Kellwood Company intends to remove all impediments to the $21.00 per share cash tender offer made by an affiliate of Sun Capital Securities Group so that it can be consummated on February 12, 2008 if a majority of the shares are tendered. Sun Capital's $21.00 per share cash tender offer, under its terms, is not subject to financing or due diligence.
Prior to the expiration of Sun Capital's tender offer on February 12, 2008, Kellwood intends to rescind its debt tender offer, give the requisite approvals under Delaware law and its charter, and take action under its Shareholder Rights Plan, so that Sun Capital's $21.00 per share cash tender offer can be consummated on February 12, 2008 if a majority of the shares are tendered.
Kellwood's Board of Directors is not taking any position on whether or not stockholders should tender their shares into the offer.
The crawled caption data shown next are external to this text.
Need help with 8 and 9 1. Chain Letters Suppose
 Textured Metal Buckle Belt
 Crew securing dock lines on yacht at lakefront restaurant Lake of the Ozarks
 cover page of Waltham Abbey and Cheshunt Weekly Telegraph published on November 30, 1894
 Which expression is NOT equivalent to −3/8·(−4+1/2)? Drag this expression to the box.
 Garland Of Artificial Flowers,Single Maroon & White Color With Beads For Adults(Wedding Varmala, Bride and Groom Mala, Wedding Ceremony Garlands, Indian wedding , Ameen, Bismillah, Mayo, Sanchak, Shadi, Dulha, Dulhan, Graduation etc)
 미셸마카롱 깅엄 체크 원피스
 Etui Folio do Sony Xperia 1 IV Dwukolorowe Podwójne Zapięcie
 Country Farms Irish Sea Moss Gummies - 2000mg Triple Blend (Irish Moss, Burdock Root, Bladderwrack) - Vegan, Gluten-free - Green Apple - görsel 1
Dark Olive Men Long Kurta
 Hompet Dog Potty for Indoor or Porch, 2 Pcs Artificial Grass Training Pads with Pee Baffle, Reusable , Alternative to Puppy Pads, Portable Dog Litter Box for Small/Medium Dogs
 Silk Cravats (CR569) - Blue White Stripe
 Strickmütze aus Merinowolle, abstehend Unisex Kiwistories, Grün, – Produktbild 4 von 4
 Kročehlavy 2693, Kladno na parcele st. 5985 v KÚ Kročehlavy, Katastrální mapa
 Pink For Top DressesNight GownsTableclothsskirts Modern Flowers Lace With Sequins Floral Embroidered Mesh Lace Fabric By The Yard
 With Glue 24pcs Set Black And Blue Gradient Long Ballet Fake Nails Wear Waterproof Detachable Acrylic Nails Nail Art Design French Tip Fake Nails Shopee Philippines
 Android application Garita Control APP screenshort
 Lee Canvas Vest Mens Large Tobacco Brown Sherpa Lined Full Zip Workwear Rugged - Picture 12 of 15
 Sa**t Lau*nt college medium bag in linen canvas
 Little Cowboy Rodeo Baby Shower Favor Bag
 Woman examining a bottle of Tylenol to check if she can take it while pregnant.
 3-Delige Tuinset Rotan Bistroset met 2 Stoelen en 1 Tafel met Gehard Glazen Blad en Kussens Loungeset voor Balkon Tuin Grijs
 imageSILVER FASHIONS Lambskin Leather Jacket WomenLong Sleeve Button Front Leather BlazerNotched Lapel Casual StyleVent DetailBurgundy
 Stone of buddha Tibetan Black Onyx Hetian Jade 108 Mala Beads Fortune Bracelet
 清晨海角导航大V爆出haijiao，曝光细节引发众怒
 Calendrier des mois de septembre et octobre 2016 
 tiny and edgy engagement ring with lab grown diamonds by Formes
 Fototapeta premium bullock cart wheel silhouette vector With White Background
Stockholders may now make their own decision on whether to tender their shares. If a majority of shares, including Sun Capital's existing holdings, are tendered on February 12, 2008, Kellwood believes that all conditions to the tender offer will have been satisfied, and Sun Capital will be obligated to close the tender.
Kellwood's Board of Directors also stated that its financial advisors, Banc of America Securities LLC and Morgan Stanley & Co. Incorporated, will approach third parties who have previously contacted the company, and other third parties, including Sun Capital, to seek an alternative transaction with a value above $21.00 per share. The company does not intend to disclose developments with respect to this process. If the company makes a determination that a transaction with such third party has a reasonable likelihood of delivering value above $21.00 per share, Kellwood reserves the right to not remove the impediments to Sun Capital's tender offer.
Robert C. Skinner, Jr., chairman, president and chief executive officer, said, “While it is our strong preference to continue as an independent company, we believe that stockholders should be able to make their own decisions on a $21.00 per share cash offer that is not subject to due diligence or financing.”
The company has deferred the Distribution Date under its Rights Agreement so that the preferred stock purchase rights are not exercisable or transferable apart from the common stock at this time.
Banc of America Securities LLC and Morgan Stanley & Co. Incorporated are acting as financial advisors, and McDermott Will & Emery LLP and Sonnenschein Nath & Rosenthal LLP are serving as legal counsel, to Kellwood.